Ed i draghi cosa ci stanno a fare? I draghi sono come dei supervisori che possono ricompensare l’operato dei giocatori con delle scaglie di drago. Sono gli stessi giocatori che muovono i draghi usando i poteri di alcune carte. Se un drago si trova sulla stessa casella di un giocatore, quando questi piazza un cubetto viene ricompensato con una delle sue scaglie. Queste scaglie sono limitate e quando finiscono si procede ad un conteggio in cui chi ne ha di più riceve 6 cristalli extra, chi ne ha almeno 3 riceve 3 cristalli extra.

Altra cosa importante sono i poteri delle carte. Le carte di valore 3 (il valore più alto) vengono usate solo per piazzare i propri cubi su un edificio, ma le carte numerate da 1 a 2 hanno delle funzioni speciali che portano ad interessanti strategie in quanto si deve decidere se utilizzare il potere della carta o se utilizzare il suo valore numerico.

I disegni delle tessere e delle carte sono assolutamente fantastici e contribuiscono di molto a camuffare con un’atmosfera fantasy quello che in realtà è un tipico gioco astratto tedesco di piazzamento e gestione delle risorse. i materiali sono buoni, le tessere sono in cartone plastificato così come i segnalini per le scaglie ed i cristalli, i draghi sono in plastica piena e i pezzi in legno sono ok.
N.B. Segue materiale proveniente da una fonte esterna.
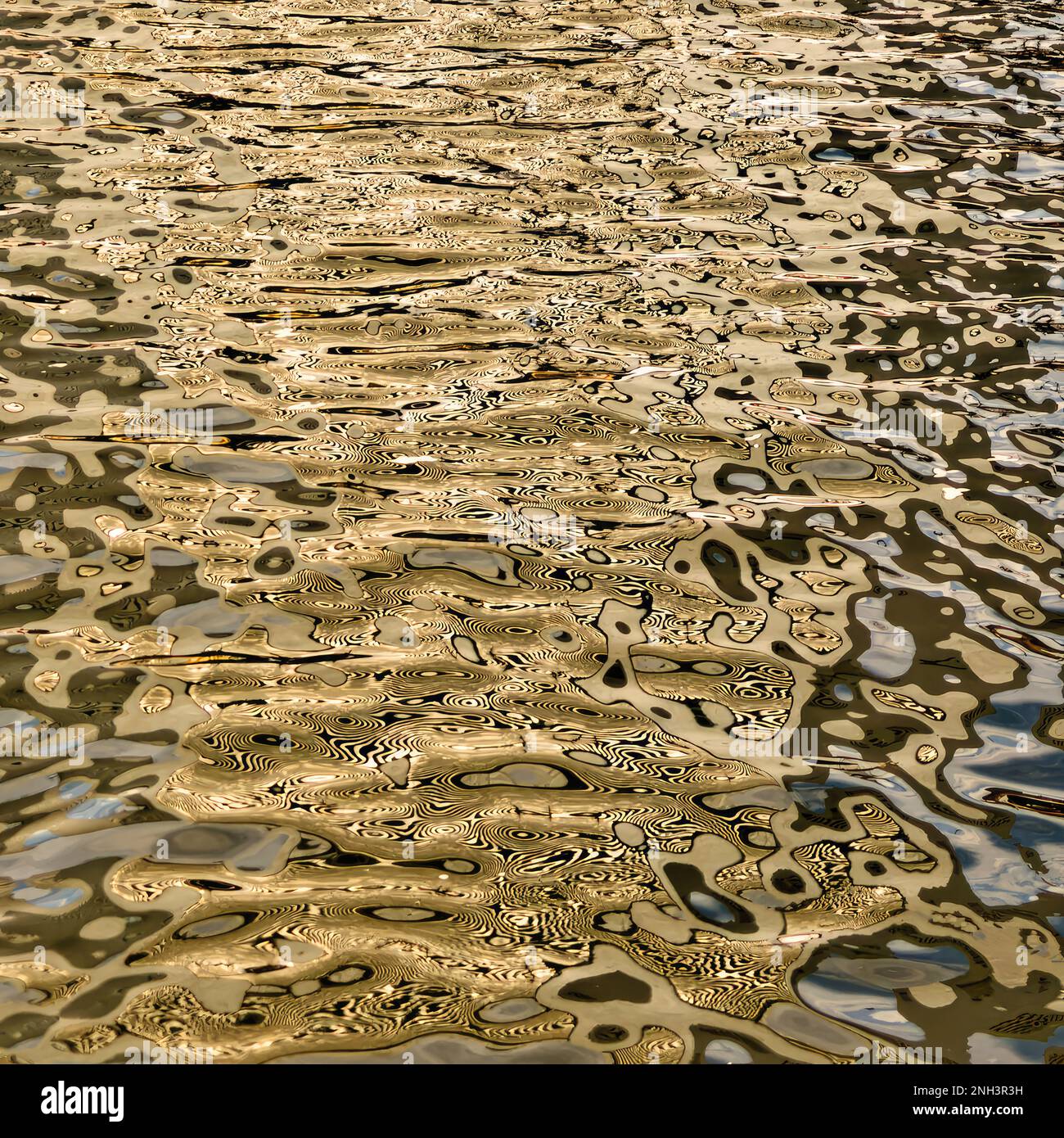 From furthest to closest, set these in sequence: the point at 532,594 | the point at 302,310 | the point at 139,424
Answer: the point at 302,310
the point at 139,424
the point at 532,594

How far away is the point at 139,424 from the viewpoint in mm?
2018

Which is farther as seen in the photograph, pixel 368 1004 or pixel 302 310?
pixel 302 310

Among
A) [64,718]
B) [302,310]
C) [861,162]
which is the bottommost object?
[64,718]

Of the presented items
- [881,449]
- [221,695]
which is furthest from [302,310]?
[881,449]

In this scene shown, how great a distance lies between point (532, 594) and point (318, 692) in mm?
395

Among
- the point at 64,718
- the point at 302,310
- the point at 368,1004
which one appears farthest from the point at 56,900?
the point at 302,310

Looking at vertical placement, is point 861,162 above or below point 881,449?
above

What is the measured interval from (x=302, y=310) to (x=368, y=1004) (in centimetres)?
165

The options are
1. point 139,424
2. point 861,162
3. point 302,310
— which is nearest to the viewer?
point 139,424

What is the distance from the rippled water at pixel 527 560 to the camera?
1227 millimetres

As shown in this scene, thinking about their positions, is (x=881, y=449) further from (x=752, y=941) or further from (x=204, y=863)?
(x=204, y=863)

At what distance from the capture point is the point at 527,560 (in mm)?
1798

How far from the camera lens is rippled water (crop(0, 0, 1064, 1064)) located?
48.3 inches

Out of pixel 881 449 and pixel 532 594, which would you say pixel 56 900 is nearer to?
pixel 532 594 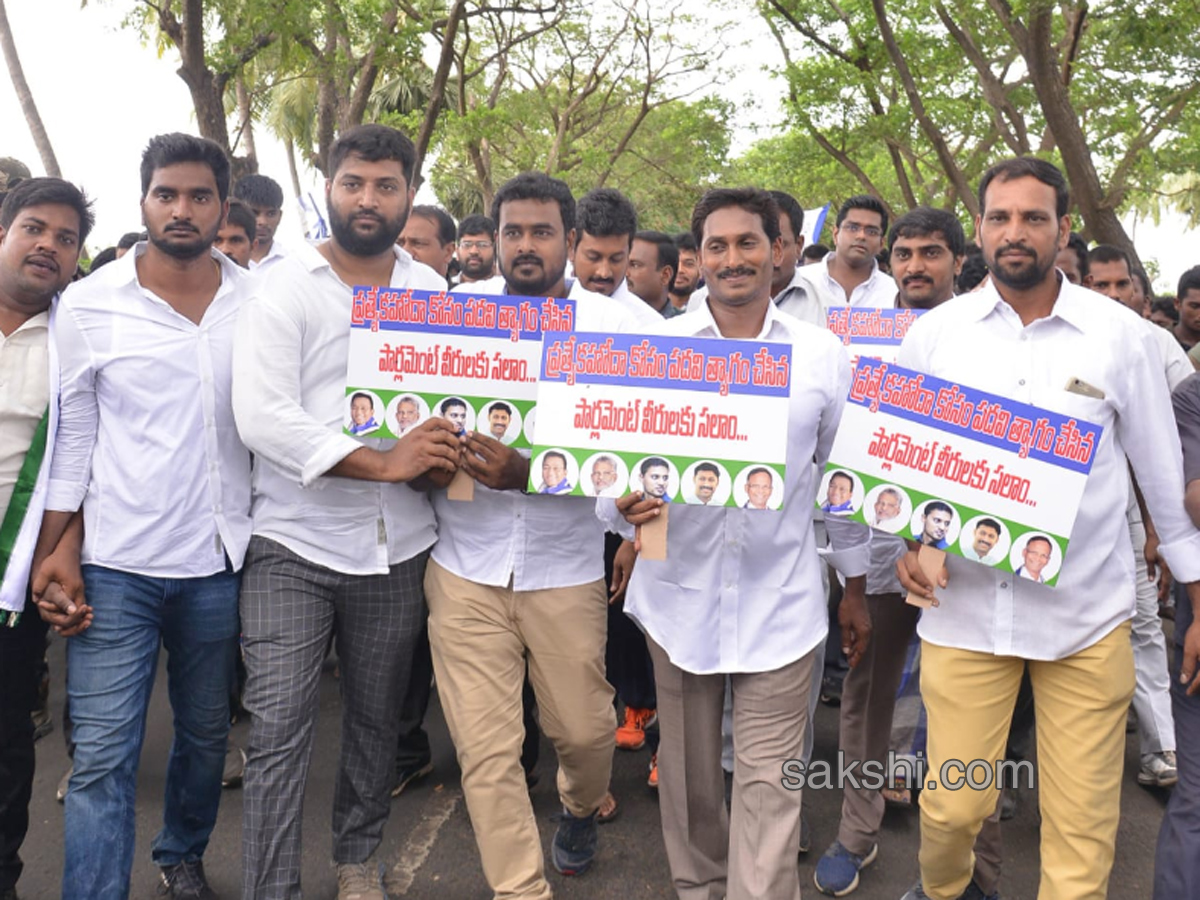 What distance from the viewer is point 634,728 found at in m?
4.85

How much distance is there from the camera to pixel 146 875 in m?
3.67

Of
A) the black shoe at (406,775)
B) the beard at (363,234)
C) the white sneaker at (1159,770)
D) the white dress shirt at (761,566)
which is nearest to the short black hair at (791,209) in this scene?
the white dress shirt at (761,566)

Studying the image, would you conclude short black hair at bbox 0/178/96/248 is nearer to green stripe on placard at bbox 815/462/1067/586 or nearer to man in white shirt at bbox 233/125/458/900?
man in white shirt at bbox 233/125/458/900

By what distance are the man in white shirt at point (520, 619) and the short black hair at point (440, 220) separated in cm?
246

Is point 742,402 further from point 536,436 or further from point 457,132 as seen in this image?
point 457,132

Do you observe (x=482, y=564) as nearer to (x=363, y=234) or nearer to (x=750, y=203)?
(x=363, y=234)

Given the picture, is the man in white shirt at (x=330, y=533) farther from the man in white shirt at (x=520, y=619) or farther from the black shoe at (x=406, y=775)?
the black shoe at (x=406, y=775)

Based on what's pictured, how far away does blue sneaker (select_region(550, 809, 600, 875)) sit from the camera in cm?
370

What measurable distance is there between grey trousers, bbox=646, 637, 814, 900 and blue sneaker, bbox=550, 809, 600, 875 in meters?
0.61

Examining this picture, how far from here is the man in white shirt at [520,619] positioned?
10.5 feet

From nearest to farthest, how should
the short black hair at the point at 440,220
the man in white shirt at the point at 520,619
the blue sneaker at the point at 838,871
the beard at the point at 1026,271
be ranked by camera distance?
Answer: the beard at the point at 1026,271, the man in white shirt at the point at 520,619, the blue sneaker at the point at 838,871, the short black hair at the point at 440,220

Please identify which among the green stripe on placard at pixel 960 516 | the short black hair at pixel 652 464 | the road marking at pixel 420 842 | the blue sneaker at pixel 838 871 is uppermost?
the short black hair at pixel 652 464

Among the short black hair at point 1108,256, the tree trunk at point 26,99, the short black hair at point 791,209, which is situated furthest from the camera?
the tree trunk at point 26,99

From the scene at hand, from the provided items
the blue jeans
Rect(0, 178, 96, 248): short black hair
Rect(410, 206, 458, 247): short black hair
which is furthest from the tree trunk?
the blue jeans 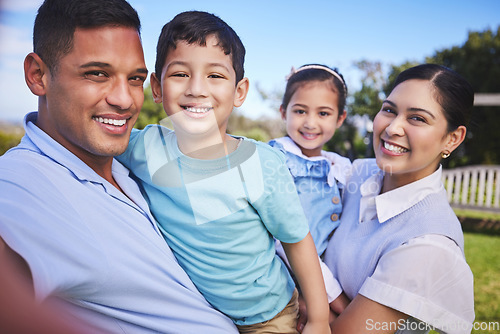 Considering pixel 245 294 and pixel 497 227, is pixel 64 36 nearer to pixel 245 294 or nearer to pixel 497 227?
pixel 245 294

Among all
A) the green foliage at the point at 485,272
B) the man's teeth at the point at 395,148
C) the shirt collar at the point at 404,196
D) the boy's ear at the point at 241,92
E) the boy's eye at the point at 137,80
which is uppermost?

Le carte sono leggerine e con i bordi neri (leggasi: si rovinano solo a guardarle) quindi vanno imbustate se non volete “segnarle” alla prima mescolata. L’ultimo consiglio è di usare un taglierino per separare le tessere in quanto tendono a rovinarsi facilmente negli angoli se staccate a mano.

Il gioco è mediamente complesso e difficile da padroneggiare alla prima partita ma le regole sono facilmente assimilabili anche da giocatori non esperti. Forse avrei preferito una lunghezza maggiore per un gioco di questo spessore. Qualcuno ha gia fatto notare che chi inizia la partita è leggermente avvantaggiato perché il primo giocatore che raggiunge il numero di “donazioni” richieste fa terminare il gioco immediatamente, quindi significa che non tutti i giocatori hanno la possibilità di giocare lo stesso numero di turni e questo potrebbe fare la differenza nella fase finale. E’ presente una certa dose di fortuna dovuta alla pesca delle carte ma che a mio parere non sbilancia troppo il gioco anche perché le carte come gia detto possono essere usate in molti modi differenti.
Pro:
Fcile da imparare e con una plancia modulare che assicura un’alta rigiocabilità.
Ottime illustrazioni.
Contro:
L'ennesimo gioco in cui si piazzano cubetti e si ricevono punti per piazzare poi altri cubetti.